### Task to carry out:
In the data below, find the line containing "Protector Solar Loreal"; transcribe it and each line after it exactly, through the last, skipping pictures.
#### Listed entries
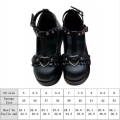 new Sweet Heart Buckle Wedges Mary Janes Women Pink T-Strap Chunky Platform Lolita Shoes Woman Punk Gothic Cosplay Shoes 43 House Foocus. 
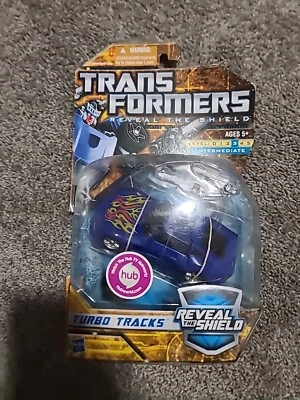 Transformers 2010 Classics Reveal The Shield Deluxe Class Turbo Tracks MOC - Image 1 of 4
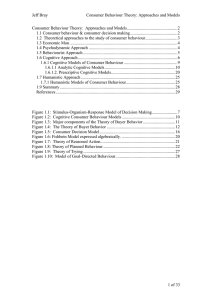 Jeff Bray         ...  Consumer Behaviour Theory:  Approaches and Models...............................................2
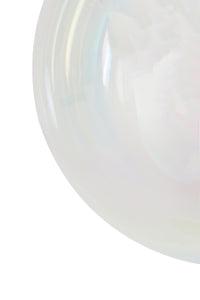 Hanging lamp 30 cm MEDINA glass rainbow+black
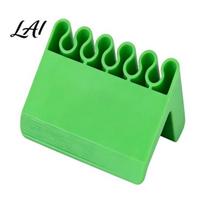 Wire Organizer for Desk 3D Printed Multi-Slot Cable Holder Desktop Cord Organizer Clip with Wave-Shaped Slots Stable Manager Nightstand, žalia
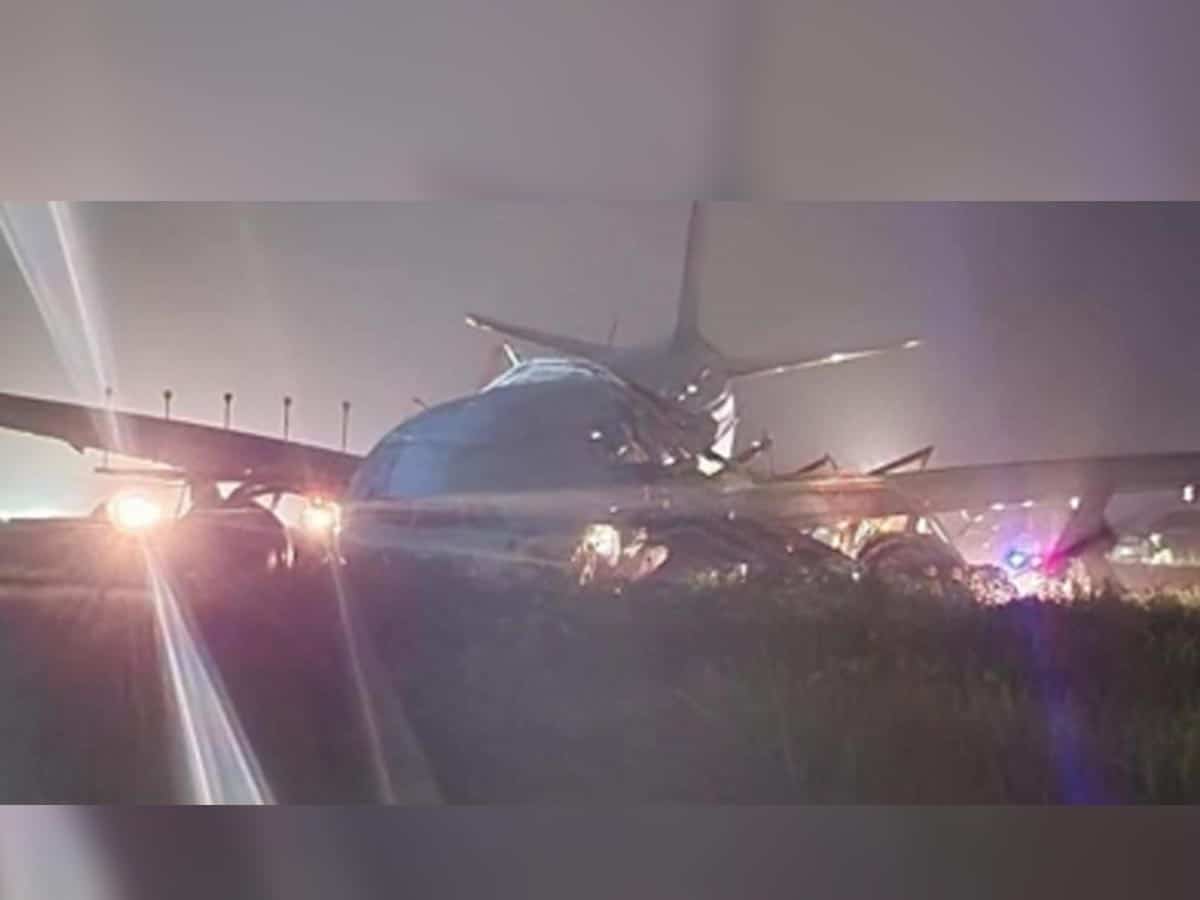 Korean Air plane overshoots runway in Philippines airport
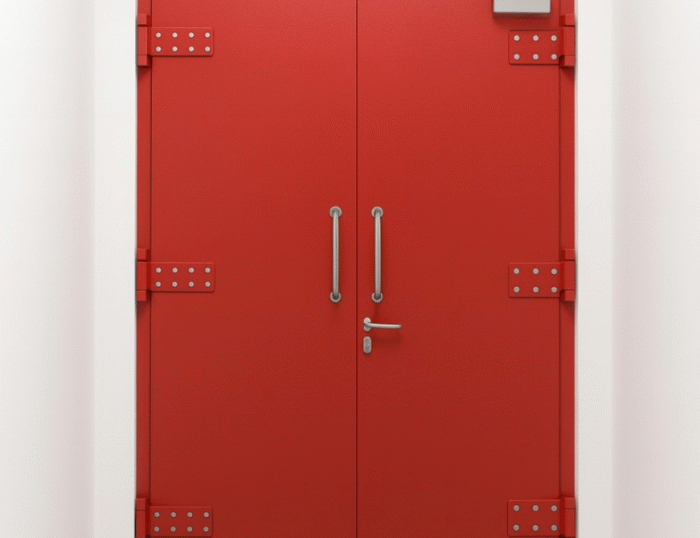 Red Colour Blast Resistant Doors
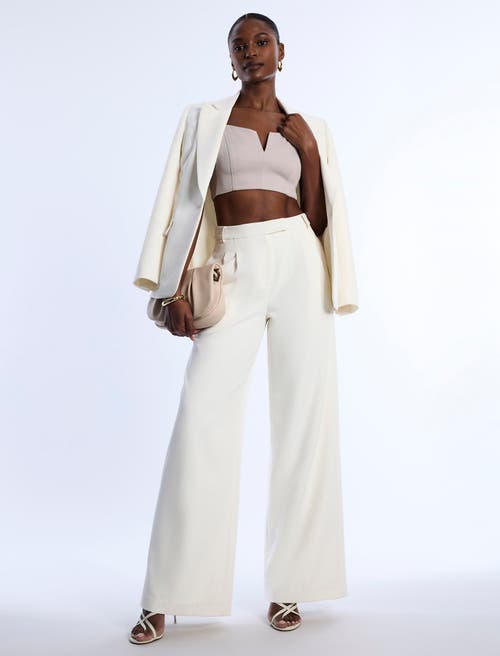Bcbg Pleat Front Wide Leg Pant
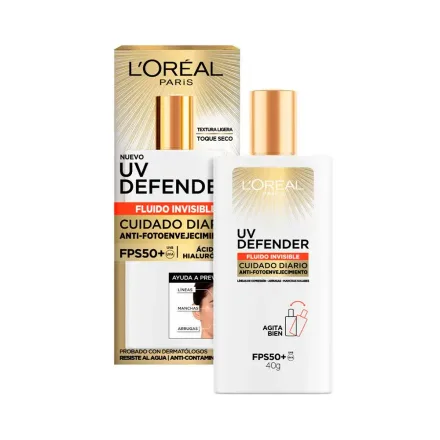 Protector Solar Loreal Uv Defender Fluido Invisible Fps 50 Plus 40GR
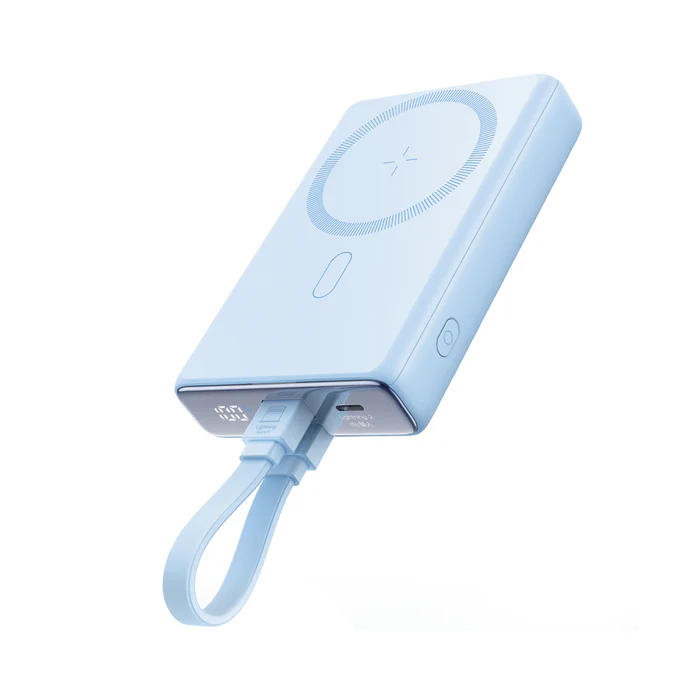 JOYROOM JR-PBM01 20W Power Bank 10000mAh with Built-in Cable&Kickstand - Image 6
########
### Task output:
 Protector Solar Loreal Uv Defender Fluido Invisible Fps 50 Plus 40GR
 JOYROOM JR-PBM01 20W Power Bank 10000mAh with Built-in Cable&Kickstand - Image 6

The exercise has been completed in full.